Our study also investigated changes in the background hypoglycemic therapy in patients starting insulin. A progressive decrease in the prescription of sulphonylureas and concomitant increase of innovative drugs was registered in the third quinquennium among those starting basal insulin, although with rates still far from those recommended by diabetes guidelines. As for those starting fast-acting formulation, as expected, the rate of use of other non-insulin drugs was overall lower, and only the increase of SGLT2i (allowed in combination with basal-bolus or basal-plus insulin regimens) should be noticed. Of course, these results may reflect timely guidelines and reimbursement procedures valid at the time of insulin prescription. On the other hand, the overall stable rate of prescription of insulin therapy in T2D subjects overtime (~ 30% of T2D subjects) [8], despite the variety of currently available therapeutic options, should be related to the progressive nature of the disease, and the occurrence of beta cell dysfunction and deterioration of glucose control, especially in those with longer diabetes duration, higher baseline HbA1c and glucose levels, as well as with increased lipid, inflammatory and beta-cell dysfunction markers or those on a combination of metformin plus secretagogues [13, 14].

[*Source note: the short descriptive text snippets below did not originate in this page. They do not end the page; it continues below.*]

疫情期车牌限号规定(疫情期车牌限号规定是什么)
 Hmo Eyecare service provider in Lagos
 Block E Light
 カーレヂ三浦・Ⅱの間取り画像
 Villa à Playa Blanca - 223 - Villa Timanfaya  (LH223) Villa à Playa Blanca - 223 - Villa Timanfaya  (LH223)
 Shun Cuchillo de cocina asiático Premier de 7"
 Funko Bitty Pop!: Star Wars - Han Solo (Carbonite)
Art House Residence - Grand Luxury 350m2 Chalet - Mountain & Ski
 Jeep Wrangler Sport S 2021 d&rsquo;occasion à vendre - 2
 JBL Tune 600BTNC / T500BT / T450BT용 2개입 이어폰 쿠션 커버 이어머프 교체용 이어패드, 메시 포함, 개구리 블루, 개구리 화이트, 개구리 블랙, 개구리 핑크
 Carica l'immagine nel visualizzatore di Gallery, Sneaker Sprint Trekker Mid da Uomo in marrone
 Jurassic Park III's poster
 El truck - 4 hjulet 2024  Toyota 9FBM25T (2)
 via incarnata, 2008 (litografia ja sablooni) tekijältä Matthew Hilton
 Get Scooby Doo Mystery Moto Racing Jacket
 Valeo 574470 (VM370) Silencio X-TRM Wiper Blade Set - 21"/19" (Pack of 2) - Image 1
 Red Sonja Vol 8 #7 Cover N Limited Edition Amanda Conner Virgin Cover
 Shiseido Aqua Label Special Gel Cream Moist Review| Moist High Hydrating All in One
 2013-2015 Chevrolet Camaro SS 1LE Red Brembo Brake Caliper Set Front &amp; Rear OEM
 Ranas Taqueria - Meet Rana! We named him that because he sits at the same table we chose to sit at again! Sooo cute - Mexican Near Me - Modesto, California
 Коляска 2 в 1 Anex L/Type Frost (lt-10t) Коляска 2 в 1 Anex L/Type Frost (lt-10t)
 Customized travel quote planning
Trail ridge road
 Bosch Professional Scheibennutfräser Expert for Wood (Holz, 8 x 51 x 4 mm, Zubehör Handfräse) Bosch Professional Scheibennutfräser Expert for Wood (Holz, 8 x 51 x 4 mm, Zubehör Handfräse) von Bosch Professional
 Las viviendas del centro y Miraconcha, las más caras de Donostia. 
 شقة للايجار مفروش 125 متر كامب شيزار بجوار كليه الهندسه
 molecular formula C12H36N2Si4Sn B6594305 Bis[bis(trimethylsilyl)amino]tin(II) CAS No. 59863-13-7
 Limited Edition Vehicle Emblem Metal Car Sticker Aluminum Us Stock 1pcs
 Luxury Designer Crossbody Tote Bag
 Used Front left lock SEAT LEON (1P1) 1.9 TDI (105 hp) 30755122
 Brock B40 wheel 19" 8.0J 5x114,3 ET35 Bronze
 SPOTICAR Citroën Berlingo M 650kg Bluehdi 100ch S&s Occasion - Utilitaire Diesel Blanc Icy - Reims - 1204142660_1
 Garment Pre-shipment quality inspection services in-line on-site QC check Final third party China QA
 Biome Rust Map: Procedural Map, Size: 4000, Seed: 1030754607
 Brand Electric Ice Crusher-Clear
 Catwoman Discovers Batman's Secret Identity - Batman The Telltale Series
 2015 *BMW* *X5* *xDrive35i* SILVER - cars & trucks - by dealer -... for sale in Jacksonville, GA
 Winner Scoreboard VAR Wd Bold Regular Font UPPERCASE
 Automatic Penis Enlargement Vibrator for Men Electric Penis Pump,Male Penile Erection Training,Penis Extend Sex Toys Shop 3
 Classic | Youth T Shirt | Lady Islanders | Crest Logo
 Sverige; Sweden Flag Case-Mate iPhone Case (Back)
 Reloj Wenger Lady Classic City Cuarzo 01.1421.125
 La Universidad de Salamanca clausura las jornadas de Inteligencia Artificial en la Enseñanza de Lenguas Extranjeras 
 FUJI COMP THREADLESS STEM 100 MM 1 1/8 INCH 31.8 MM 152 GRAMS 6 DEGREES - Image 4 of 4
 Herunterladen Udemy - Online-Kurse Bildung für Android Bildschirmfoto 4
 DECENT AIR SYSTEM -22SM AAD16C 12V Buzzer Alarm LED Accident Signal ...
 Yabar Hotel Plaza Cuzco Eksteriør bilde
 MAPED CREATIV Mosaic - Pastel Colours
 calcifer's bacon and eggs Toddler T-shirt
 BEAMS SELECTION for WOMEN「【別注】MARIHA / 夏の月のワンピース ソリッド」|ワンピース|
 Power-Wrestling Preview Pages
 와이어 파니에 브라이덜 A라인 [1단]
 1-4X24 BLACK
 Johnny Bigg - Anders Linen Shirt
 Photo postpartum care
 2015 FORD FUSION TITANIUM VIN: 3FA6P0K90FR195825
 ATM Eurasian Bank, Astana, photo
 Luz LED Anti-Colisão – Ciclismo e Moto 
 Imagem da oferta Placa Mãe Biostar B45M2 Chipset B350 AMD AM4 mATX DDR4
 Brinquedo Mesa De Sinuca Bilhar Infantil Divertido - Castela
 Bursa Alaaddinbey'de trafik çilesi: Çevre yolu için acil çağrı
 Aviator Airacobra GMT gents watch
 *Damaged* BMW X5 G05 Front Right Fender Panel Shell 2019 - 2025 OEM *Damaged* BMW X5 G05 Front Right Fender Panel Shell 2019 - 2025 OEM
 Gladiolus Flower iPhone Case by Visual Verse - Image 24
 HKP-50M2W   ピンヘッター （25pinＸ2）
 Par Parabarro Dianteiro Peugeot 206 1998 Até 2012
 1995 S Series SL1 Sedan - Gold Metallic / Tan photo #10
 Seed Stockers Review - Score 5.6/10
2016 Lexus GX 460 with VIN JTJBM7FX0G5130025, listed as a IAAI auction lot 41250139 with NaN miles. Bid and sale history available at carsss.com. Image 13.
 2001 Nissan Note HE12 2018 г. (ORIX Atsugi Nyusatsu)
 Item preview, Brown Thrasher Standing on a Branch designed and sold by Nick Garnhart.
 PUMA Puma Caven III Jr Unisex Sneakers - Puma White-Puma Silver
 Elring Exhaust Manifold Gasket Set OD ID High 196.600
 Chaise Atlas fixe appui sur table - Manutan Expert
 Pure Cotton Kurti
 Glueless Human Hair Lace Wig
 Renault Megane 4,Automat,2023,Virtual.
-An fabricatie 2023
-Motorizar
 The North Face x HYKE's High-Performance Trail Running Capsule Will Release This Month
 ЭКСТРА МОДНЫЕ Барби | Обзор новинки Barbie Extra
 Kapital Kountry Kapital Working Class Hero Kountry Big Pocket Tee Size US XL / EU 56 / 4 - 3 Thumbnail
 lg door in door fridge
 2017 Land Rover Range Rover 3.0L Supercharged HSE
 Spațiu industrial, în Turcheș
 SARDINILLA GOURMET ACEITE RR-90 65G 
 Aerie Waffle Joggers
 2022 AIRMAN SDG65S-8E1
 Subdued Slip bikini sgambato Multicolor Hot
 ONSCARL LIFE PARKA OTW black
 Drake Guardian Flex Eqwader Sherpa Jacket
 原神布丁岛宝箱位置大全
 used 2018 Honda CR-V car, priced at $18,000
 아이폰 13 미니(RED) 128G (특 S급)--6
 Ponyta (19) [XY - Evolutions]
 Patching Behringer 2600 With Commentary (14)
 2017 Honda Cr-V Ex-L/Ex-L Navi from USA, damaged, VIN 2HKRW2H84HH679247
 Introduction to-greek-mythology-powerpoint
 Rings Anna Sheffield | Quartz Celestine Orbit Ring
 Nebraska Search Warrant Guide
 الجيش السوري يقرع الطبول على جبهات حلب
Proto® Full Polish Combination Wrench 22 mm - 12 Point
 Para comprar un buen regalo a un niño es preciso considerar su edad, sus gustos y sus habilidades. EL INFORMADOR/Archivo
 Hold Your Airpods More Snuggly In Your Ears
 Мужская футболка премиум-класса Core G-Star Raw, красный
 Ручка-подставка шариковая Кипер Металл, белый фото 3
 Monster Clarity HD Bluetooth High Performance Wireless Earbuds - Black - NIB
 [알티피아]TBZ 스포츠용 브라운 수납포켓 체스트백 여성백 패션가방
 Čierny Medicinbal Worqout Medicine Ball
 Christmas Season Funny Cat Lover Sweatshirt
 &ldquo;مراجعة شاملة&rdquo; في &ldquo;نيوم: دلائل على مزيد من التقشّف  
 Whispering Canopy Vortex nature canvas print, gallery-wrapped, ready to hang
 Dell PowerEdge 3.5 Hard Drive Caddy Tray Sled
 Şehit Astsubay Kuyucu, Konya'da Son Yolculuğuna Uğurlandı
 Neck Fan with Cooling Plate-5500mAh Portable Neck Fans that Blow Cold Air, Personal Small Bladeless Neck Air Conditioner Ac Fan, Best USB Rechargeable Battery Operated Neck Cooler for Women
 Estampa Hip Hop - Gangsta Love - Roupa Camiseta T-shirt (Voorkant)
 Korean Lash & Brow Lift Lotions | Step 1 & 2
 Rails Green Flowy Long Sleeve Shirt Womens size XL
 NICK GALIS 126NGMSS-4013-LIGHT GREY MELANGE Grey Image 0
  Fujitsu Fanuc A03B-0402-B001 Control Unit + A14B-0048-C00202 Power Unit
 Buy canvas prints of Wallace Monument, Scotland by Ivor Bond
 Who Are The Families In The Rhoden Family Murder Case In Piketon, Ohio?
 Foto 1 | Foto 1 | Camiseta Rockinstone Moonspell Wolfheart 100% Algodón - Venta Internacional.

As for renal function, the recent availability of non-insulin drugs that can be prescribed in cases of mild–moderate renal insufficiency did not significantly change the prescribing attitude over time in patients with severe CKD in the AMD Annals. Similarly, the overall clinical characteristics of subjects starting either basal and/or fast-acting insulin, did not significantly change in the three study periods, although all major cardiovascular risk factors improved overtime. The amelioration in the control of major CVD risk factors overtime further corroborates the progressive alignment of T2D management with guidelines, although the gap remains difficult to bridge due to therapeutic inertia and the increasingly stringent recommendations [3,4,5,6], as documented by the latest analysis of the AMD Annals dataset [8].

Limitations

Our analysis has some limitations that should be considered. First, no information on basal and fast-acting insulin titration is available, and consequently we could not explore the phenomenon of over-basalization or under-titration [35]. Moreover, a subgroup analysis of the combination of insulin with the innovative drugs, i.e., SGLT2i and GLP-1RAs, is also lacking, due to the limited number of subjects on those drugs in the considered timeframes.

Conclusions

The choice of glucose-lowering treatment is today focused on cardiovascular and renal protection, but uncontrolled hyperglycemia often requires a targeted approach to prevent adverse outcomes, often including insulin treatment. In this large cohort of T2D subjects during a long observation period, a progressively earlier start of insulin treatment was observed, suggesting a more proactive prescriptive approach. However, the off-targets HbA1c values ​​achieved after 1 year of insulin therapy, suggest the need for greater clinical effort in T2D management.